Song Meaning
The lyrics paint a picture of a hopeful young love, tinged with an almost ethereal quality. The narrator recounts his beloved’s assurances about her parents’ acceptance, her promise of a swift wedding, and her graceful departure. The scene is set with her moving “through the fair,” a public space, yet the focus remains intensely personal, on her movement and the narrator’s gaze. This initial vision is idyllic, a moment suspended in time before she heads home under a single star, likened to a swan gliding across a lake.
The central tension arises from the stark contrast between the vibrant, living memory and the subsequent dream. The narrator’s “young love” is presented as a tangible, present figure, but the dream introduces a chilling shift. His “dead love” appears, moving with an uncanny silence, her feet making “no din.” This spectral visitation directly confronts the earlier promise of a wedding day, transforming it from a future certainty into a ghostly echo.
The most striking craft element is the repetition of the phrase “It will not be long love / Till our wedding day.” In the first instance, it’s a declaration of impending joy, spoken by the living beloved. In the dream, it’s uttered by the dead, lending the words a profound and sorrowful irony. The imagery of the swan’s effortless glide is mirrored in the dead lover’s silent, almost weightless movement, suggesting a transition not just from life to death, but from the earthly realm to something more spectral and permanent.

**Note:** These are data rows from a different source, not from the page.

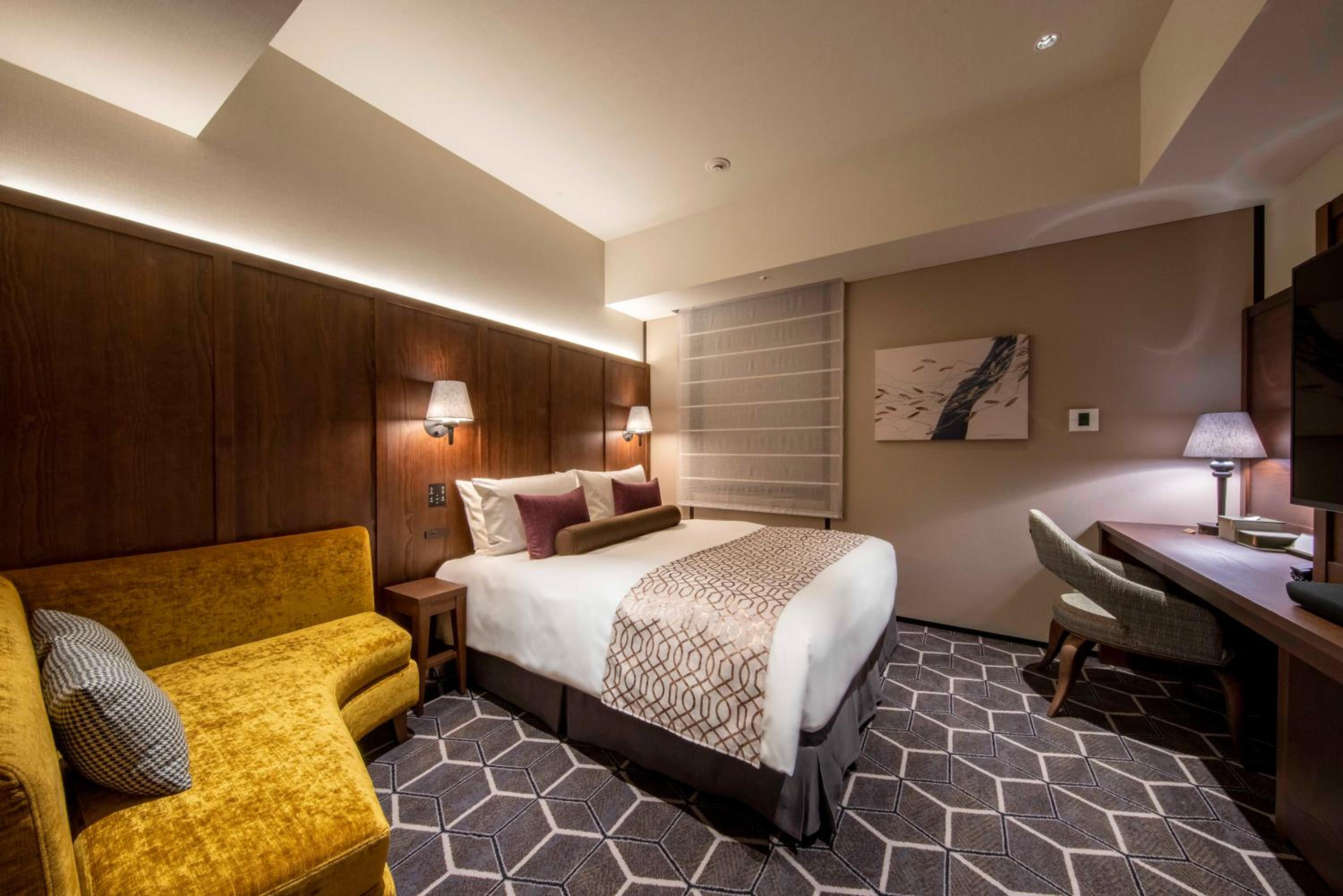 غرفة تنفيذية بسرير كوين وسرير مزدوج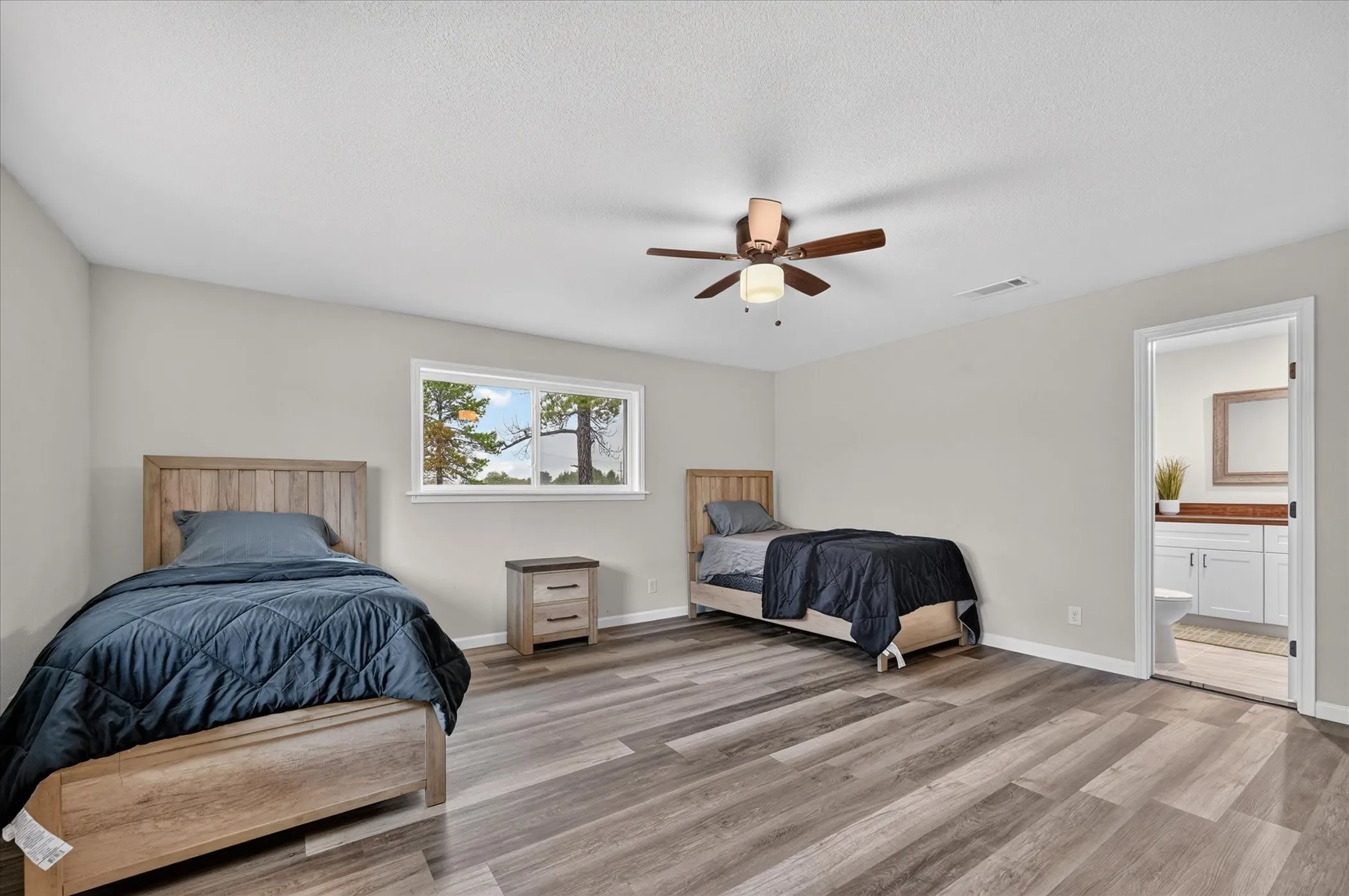 Spacious room featuring wood-finish flooring, a ceiling fan with integrated lighting, and a window providing natural light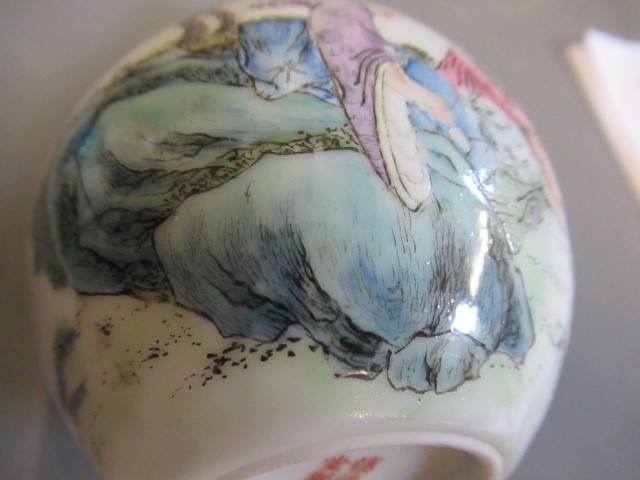 A CHINESE PORCELAIN SMALL BOTTLE VASE painted in coloured enamels with two figures seated beneath Image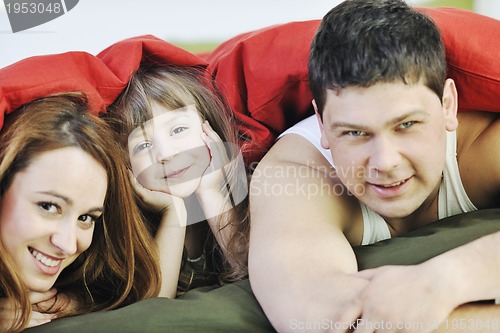 Image of happy family relaxing in bed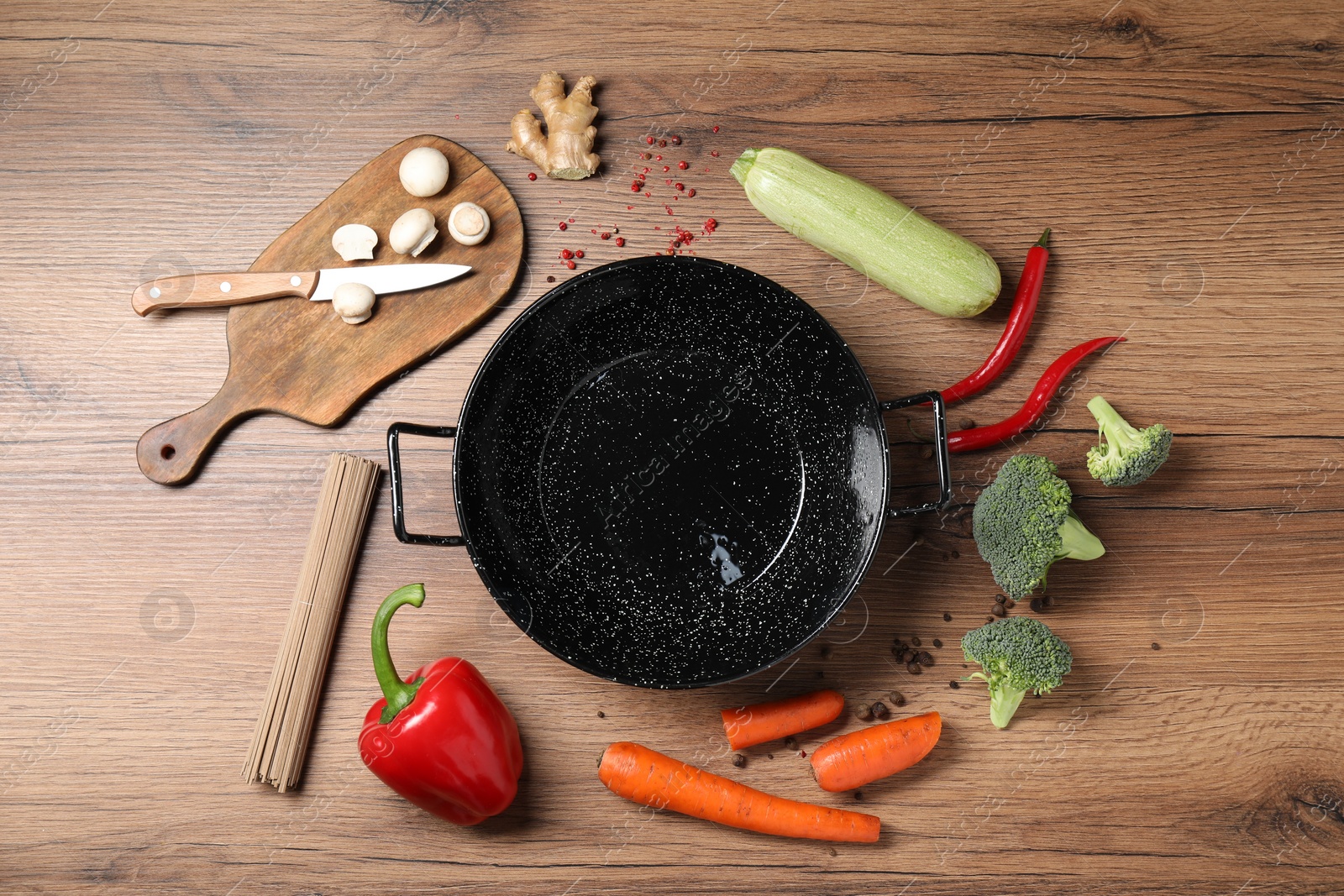 Photo of Empty iron wok surrounded by raw ingredients on wooden table, flat lay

This lyrical construction is effective because it masterfully builds and then subverts expectation. The initial verses establish a sweet, grounded romance, making the dream’s intrusion all the more potent. The quiet, almost imperceptible shift from a living promise to a dead echo creates a deep sense of melancholy and loss, highlighting the fragility of happiness and the haunting persistence of love beyond the grave.